- INFORMATION PROVIDED
-*-
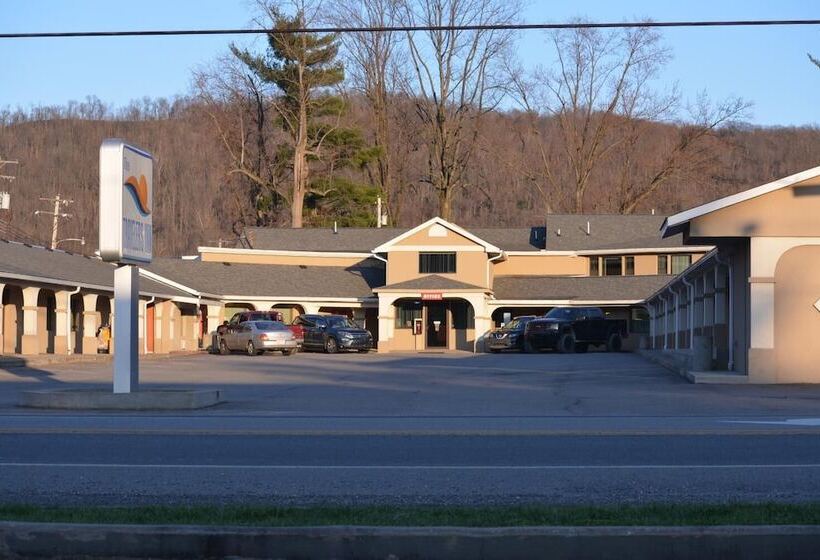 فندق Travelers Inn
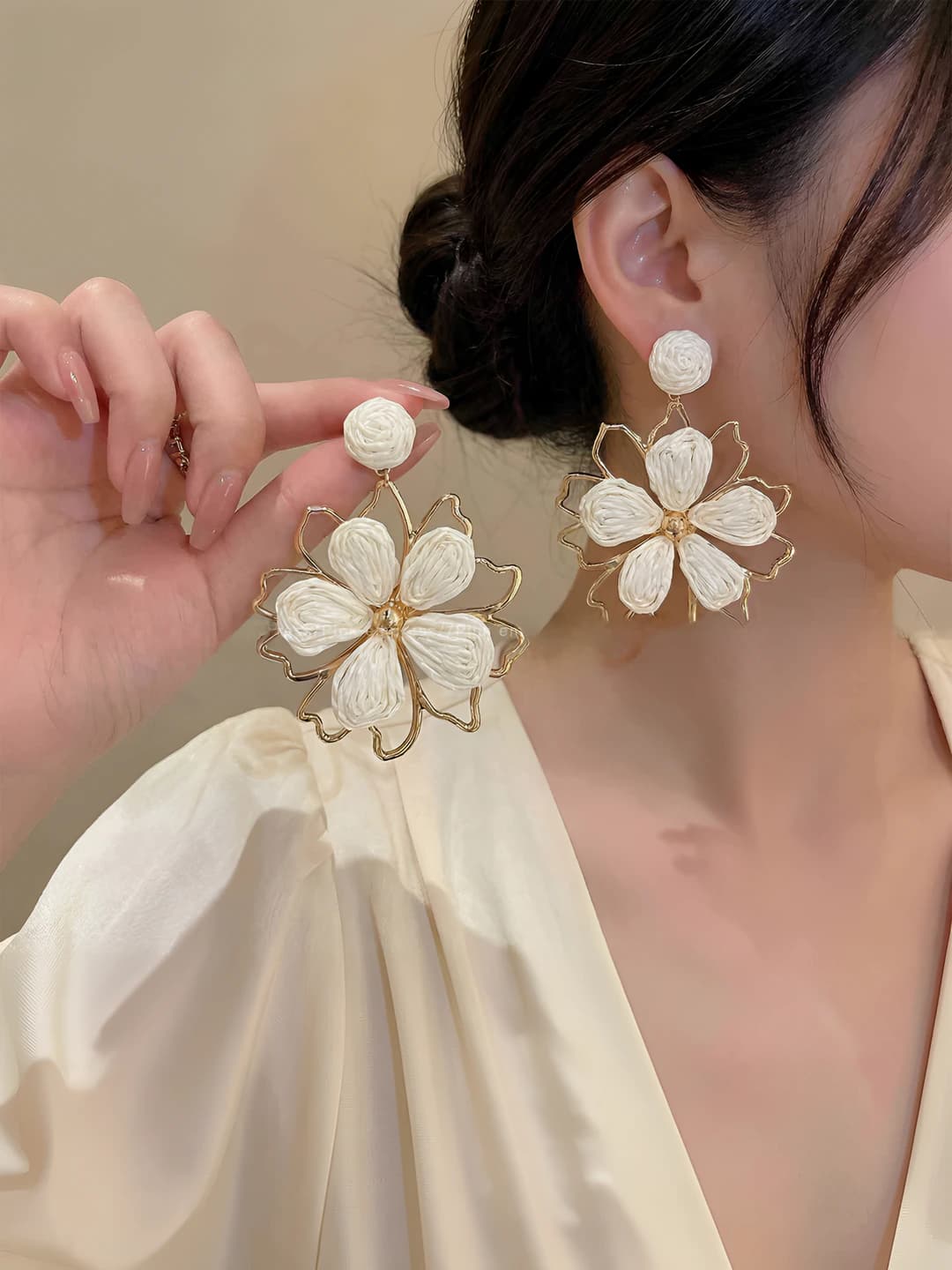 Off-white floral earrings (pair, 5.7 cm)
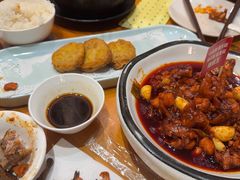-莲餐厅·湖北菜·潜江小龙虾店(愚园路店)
-*-
Working from the line containing "Off-white floral earrings (pair, 5.7 cm)" to the last line of the data, retype every line exactly, both ends included, and leave out all pictures.

 Off-white floral earrings (pair, 5.7 cm)
-莲餐厅·湖北菜·潜江小龙虾店(愚园路店)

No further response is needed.